Richard Stanley, I presume? An interview with the director of HARDWARE...

Editor, Europe; Rotterdam, The Netherlands (@ardvark23)
Richard Stanley, I presume? An interview with the director of HARDWARE...

Pinning down Richard Stanley can be quite a job, whether you're talking about trying to find where he is or trying to make sense of the bewildering variety of reputations he has. He's been called a genius, a hack, an artist, a troublemaker, an Enfant Terrible and plain mad in both meanings of the word. This is all the more remarkable when you look at his body of work as a feature director: two films only ( both released in the early nineties ), and some little-seen documentaries.

Thing is, those two films are "Hardware" and "Dust Devil",  which both have garnered a large cult following over the years. And fans who wonder what Richard is doing can always find him busy doing pre-production on some interesting projects.

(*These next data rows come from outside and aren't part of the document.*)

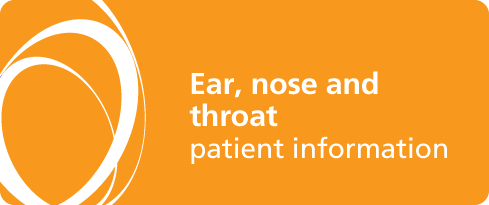 Ear, nose and throat patient information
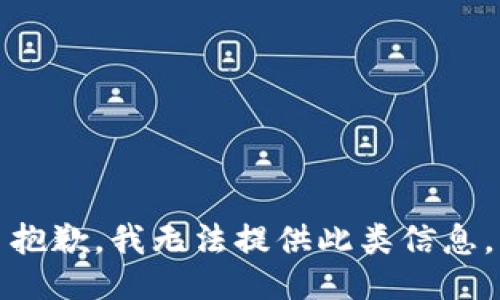 抱歉，我无法提供此类信息。
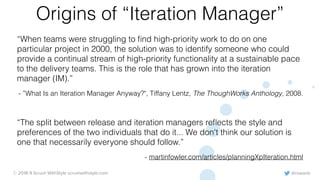@rowanb© 2018-9 Scrum WithStyle scrumwithstyle.com
Origins of “Iteration Manager”
“When teams were struggling to ﬁnd high-priority work to do on one
particular project in 2000, the solution was to identify someone who could
provide a continual stream of high-priority functionality at a sustainable pace
to the delivery teams. This is the role that has grown into the iteration
manager (IM).”
- ”What Is an Iteration Manager Anyway?", Tiffany Lentz, The ThoughWorks Anthology, 2008.
“The split between release and iteration managers reﬂects the style and
preferences of the two individuals that do it... We don't think our solution is
one that necessarily everyone should follow.”
- martinfowler.com/articles/planningXpIteration.html
 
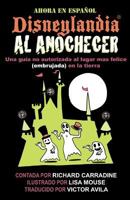 Disneylandia Al Anochecer: Una guia no autorizada al lugar mas felice (embrujada) en la tierra 1495413063 Book Cover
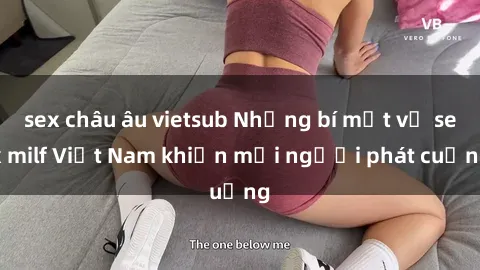 sex châu âu vietsub Những bí mật về sex milf Việt Nam khiến mọi người phát cuồng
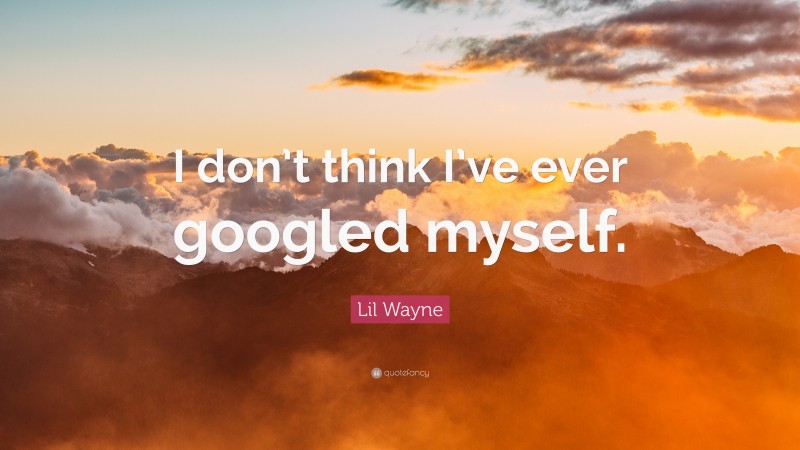 Lil Wayne Quote: “I don’t think I’ve ever googled myself.”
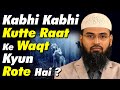 Kabhi Kabhi Kutte Raat Ke Waqt Kyun Rote Hai By Adv. Faiz Syed
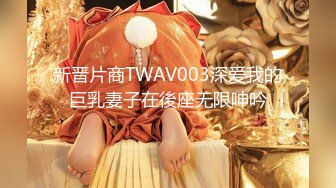 新晋片商TWAV003深爱我的巨乳妻子在後座无限呻吟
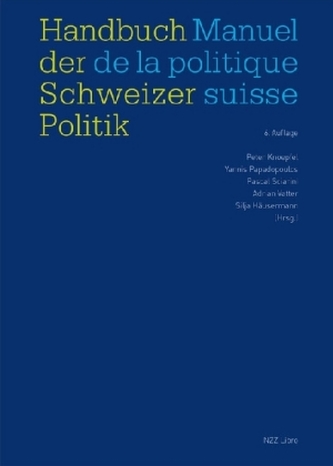Handbuch der Schweizer Politik / Manuel de la politique suisse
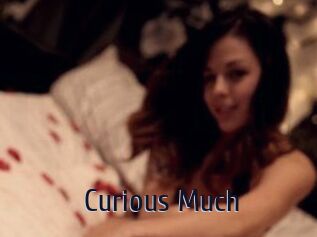 Curious_Much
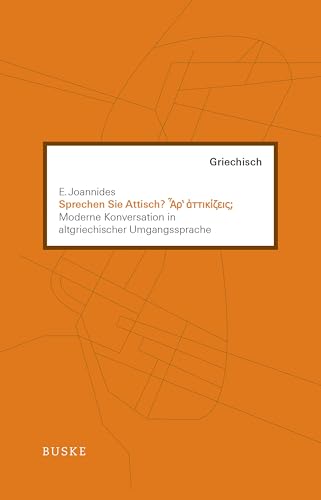 Sprechen Sie Attisch?: Moderne Konversation in altgriechischer Umgangssprache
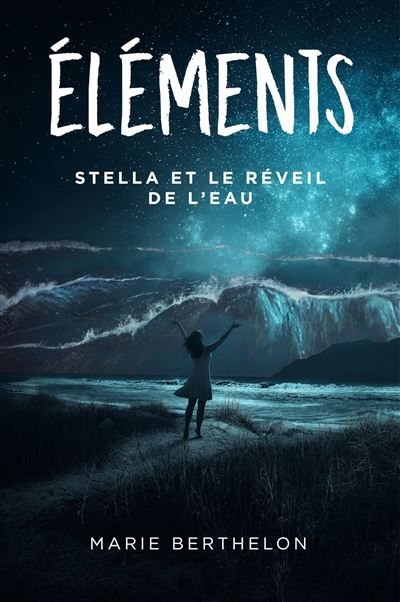 Éléments Stella et le réveil de l'eau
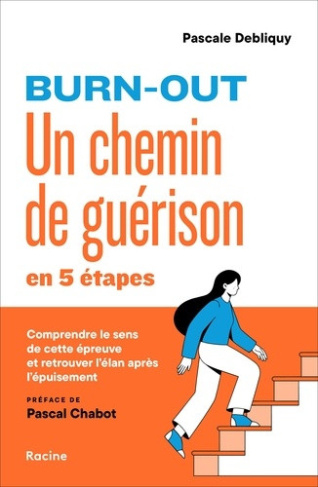 debliquy-pascale-burn-out-un-chemin-de-guerison-en-cinq-etapes_0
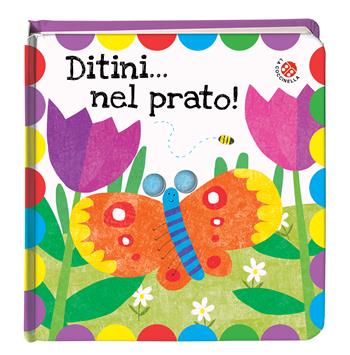 Ditini... nel prato! Ditini nei buchi. Ediz. a colori - Gabriele Clima - Libro La Coccinella 2020 | Libraccio.it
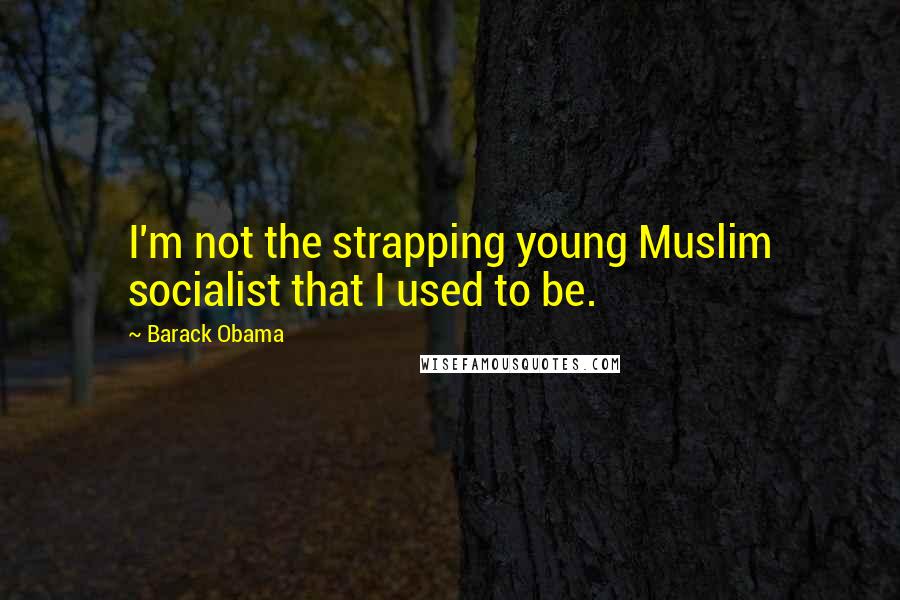 Barack Obama Quotes: I'm not the strapping young Muslim socialist that I used to be.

But when it comes to turning those projects into actual films, Richard Stanley always seems to be hit by Gilliamesque bad luck. Worse even: the companies involved with his two previous films went bankrupt and legal matters caused for both movies to become almost completely unavailable.

The most famous of his misadventures concern the 1996 film "The Island of Dr. Moreau", which was to be his dream project and starred Marlon Brando, Val Kilmer and Ron Perlman. But because of "creative differences" the studio fired and banned Richard Stanley from his own set after only four days. He famously sneaked back disguised as a background creature and reported on the abysmal handling of the production, stories which were corroborated by lead actor David Thewliss. Still, the whole affair closed a lot of doors and projects for Richard. And to this day we're still waiting for his third film.


But as of late it seems the tide is slowly but surely turning for Richard Stanley: he created a director's cut of "Dust Devil" which got an awesome 5-disc release by Subversive Cinema (it includes the documentaries "Voice of The Moon", "White Darkness" and "The Secret Glory of Otto Rahn" complete with commentaries for all), and this year "Hardware" finally got decently released both on DVD and BluRay, topped by an excellent US-version last month by Severin.

So now that he is back in the limelight ( sort of... ), it's time for an interview to see what Mr. Stanley is doing these days and he was kind enough to give me some of his time.


AV: Finally we have versions of "Hardware" available worldwide in the right aspect ratio, uncut, and not looking like they were copied from an old VHS tape. Why did it take so long for such a popular title to get a decent release?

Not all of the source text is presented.